Imagine if students grades 12 and above effectively shut down nearly every University and College across the entire U.S.

On March 22, 2012: 200,000+ students from across Québec protest in Montréal.
Difficult to fathom?
That is exactly what is happening here. Hundreds of thousands of students from Universities and Cégeps all across the Province of Québec have been on strike for 12+ weeks.
Why go on strike?
Québec’s latest Provincial budget included a 75% increase in tuition costs for University-level education. That sure sounds like a lot. But let’s look at the numbers:

March 22, 2012: 200,000+ Cégep and University students protest in Montréal
So while Québec students are protesting a 75% increase in tuition, Ontario University students already pay 3 times that of their French brothers and sisters across the Provincial border.
A timeline of events:
- March 18, 2011: Official Québec budget published, announces rise in University tuition.
- November 10, 2011: 30,000 students protest in Montréal
- February 13, 2012: Students vote to strike at the University of Laval
- February 16, 2012: The students of the Cégep of Vieux-Montréal are the first Cégep to vote to strike
- February 20, 2012: Cégeps and Universities (totalling about 30,000 students) have voted to strike
- February 27, 2012: About 65,000 students have voted to strike
- March 5, 2012: About 125,000 students have voted to strike

Montréal police horses during the March 22 protest
- March 22, 2012: Over 300,000 students (from about 400,000 total) have voted to strike
- March 22, 2012: 200,000 students protest in Montréal
- April 20, 2012: Jean Charest (Prime Minister of Québec), mocks students as they protest outside
- April 24, 2012: A protest of several thousand, this time marked by violence and vandalism.
A Funny Urban Legend (don’t know if it’s true):
As several thousand students blocked traffic on the Jacques Cartier bridge, motorists yelled “Get out of the way!
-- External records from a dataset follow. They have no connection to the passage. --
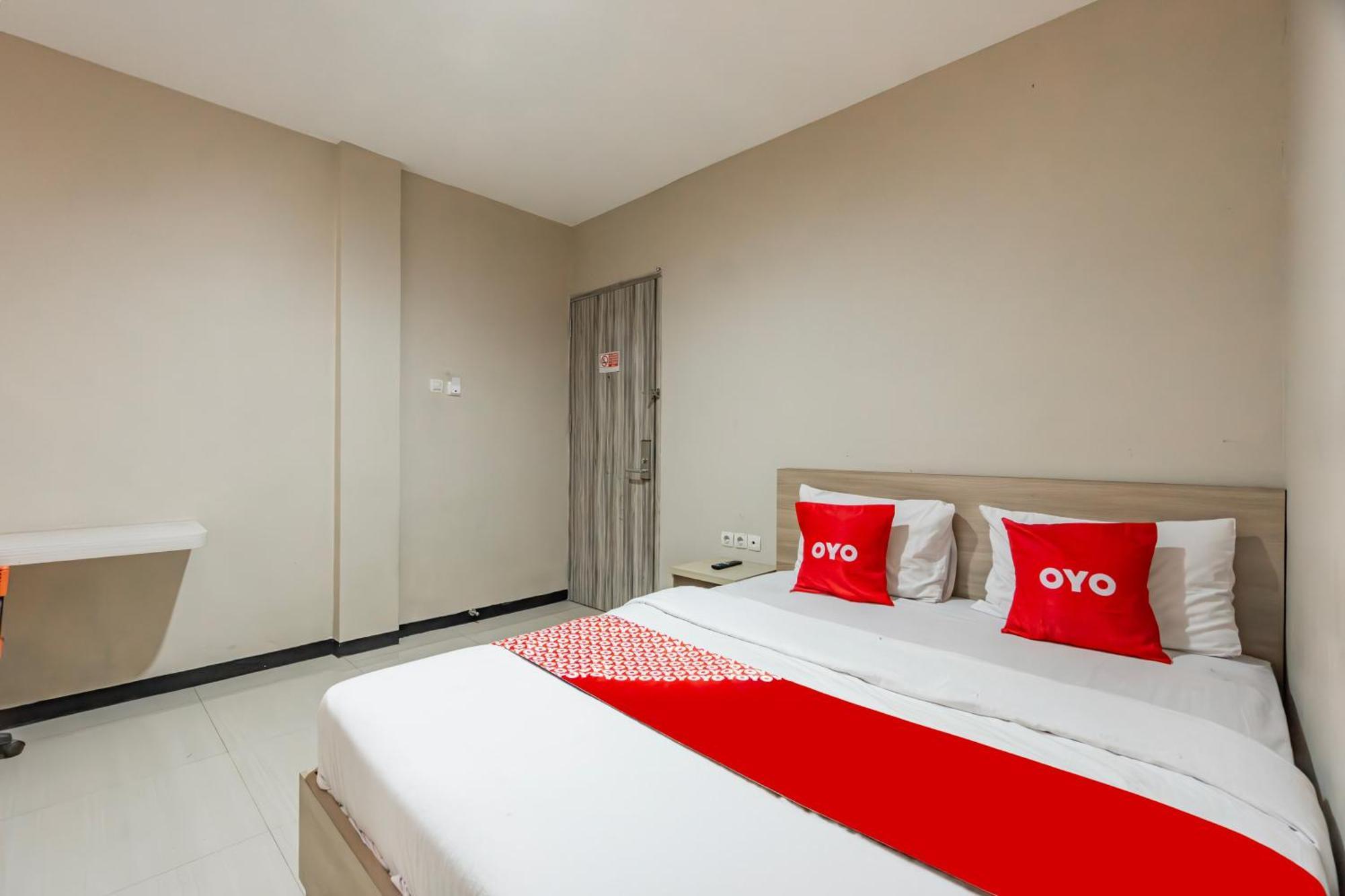 Ace Business Hotel Galaxy Surabaya Exterior photo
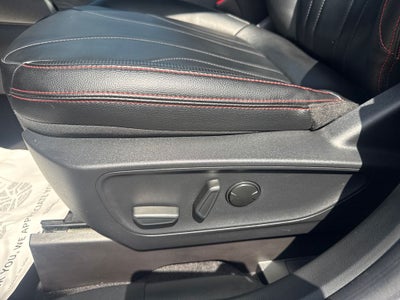 2025 Ford Escape Hybrid ST-Line Elite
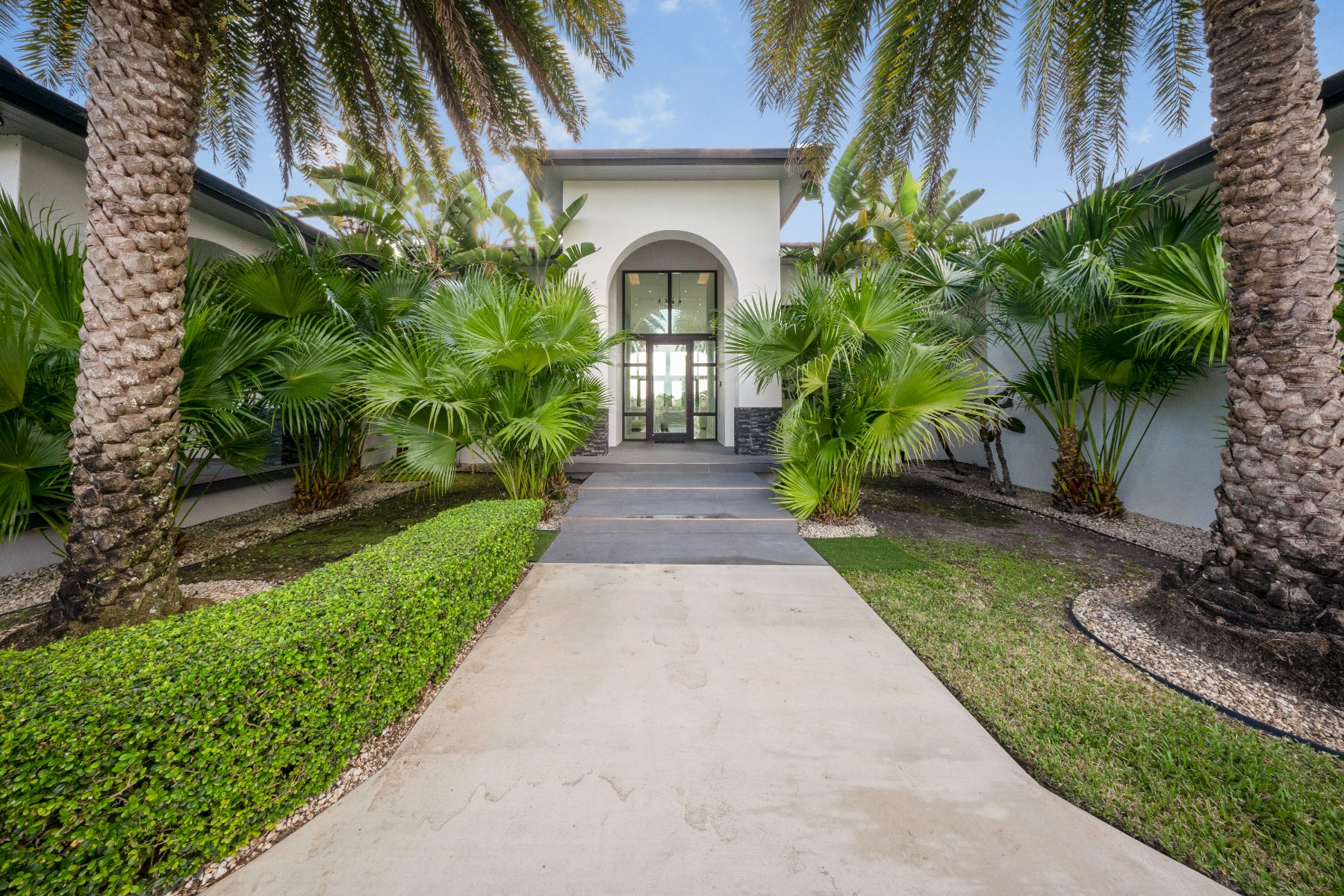 Entry walk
I’m the one paying for your education!”
Students responded: “Get back in your car! I’m the one that will pay for your retirement!”
This week is crucial:
Apparently (and my understanding is based on a few conversations here and there), this is the last possible week students can return and still recover the current session. If, however, students vote to continue the strike, this session will be cancelled. All classes will be forwarded to this Fall. And a massive bottle-neck will occur when graduated high-school students enter their first year of Cégep this September.
There is also talk of a massive general protest May 9 to target not only the rise in tuition, but to bring down the entire Liberal Party government. We’ll see.
My Take:
Québeckers seem fairly divided on this issue. Many are passionately for the strike. Many others refuse to talk about it saying it’s “a waste of saliva”.
For me as an interested bystander, it has been fascinating to see the French-socialist underpinnings of Québecker culture rise to the fore in a young generation that one day will lead this Province.
Bottom line? I’m not here to politic. I’m praying that the Gospel permeates every aspect of Québecker society, regardless of political viewpoint.